Tuesday, May 04, 2004

No shit 

"North Africa and the Middle East held the worst record of press freedom in 2003, Reporters Without Borders said Monday, noting that 17 journalists were killed in the Arab world beset by various abuses and reinforced self-censorship of the media. 'This was the region with least press freedom,' the Paris-based international press freedom advocate said in its annual report for 2003, coinciding with the World Press Freedom Day.

"Reporters sans frontieres (RSF) highlighted the threat posed to liberal media in Iraq by 'armed groups, terrorists and political movements'. It also pointed out that the occupying US army was 'very aggressive towards journalists, five of whom were killed by US soldiers during and after the fighting. But US officials made no proper investigations of these deaths'."

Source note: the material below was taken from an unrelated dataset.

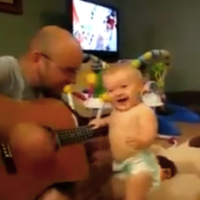 Adorable baby dancing to dads guitar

Of course, the fact that the United States is in Iraq in the first place means that it's "armed groups, terrorists and political movements" that now constitute the threat to Iraqi media, and not Saddam Hussein. Over a year since President Bush declared the end to major combat operations (as the free Western media loves to say), Iraqi media is the freest in the Arab world, with over 200 newspapers, numerous television stations to chose from, and a thriving internet culture.

Not that everyone's happy, like this bizarre article from Al-Jazeera shows:

"If the media's job is to tell the truth, then Iraq's newspapers and broadcasters fall a long way short... [E]xperts say Iraq's new media offers more in the way of quantity than quality. And the political bias and amateurism that is so manifest in its pages and across its airwaves tends to leave the public cold.

Hey, how about that quality journalism during Saddam's reign?

"Hamid Abid Sarhan, a journalist at al-Mashriq newspaper, says the new Iraqi media is far from the success story the Americans claim. Al-Mashriq, which enjoys a readership of 25,000, was set up three months ago and claims to be 'independent'. However, Sarhan says it is also fiercely anti-occupation. He told Aljazeera.net: 'All the new Iraqi newspapers should show the world what the Iraqis are suffering under American occupation. There is no democracy and freedom here'."

One would think that the fact that fact that a "fiercely anti-occupation" newspaper is on the market in Iraq could indicate something like, oh, I don't know, press freedom? After all, we all remember the thriving opposition media in Iraq two years ago.

"Dr Liqaa Meki, from Baghdad University's College of Journalism, said the last year has seen a serious decline in journalistic standards: 'After occupation there was no control and it was a bit of a free-for-all. Now anyone feels that they can be a journalist. There are no standards anymore, no training and no ethics. But journalism is a very hard and a very important job so only trained people should be trusted with it'."

I'm not sure but I think Dr Meki is trying to make a comparison with the high level of journalistic standards and ethics under Saddam.

Well, some people are just never happy. The glass is not only half-empty, but more often than not it's those damned Americans or Zionists who drank the water. Yes, media in Iraq is at a chaotic and rather exuberant stage of development, but that's to be expected in the aftermath of such quick liberalisation. Patience, Iraqis will eventually get their own "New York Times" and BBC. Poor bastards.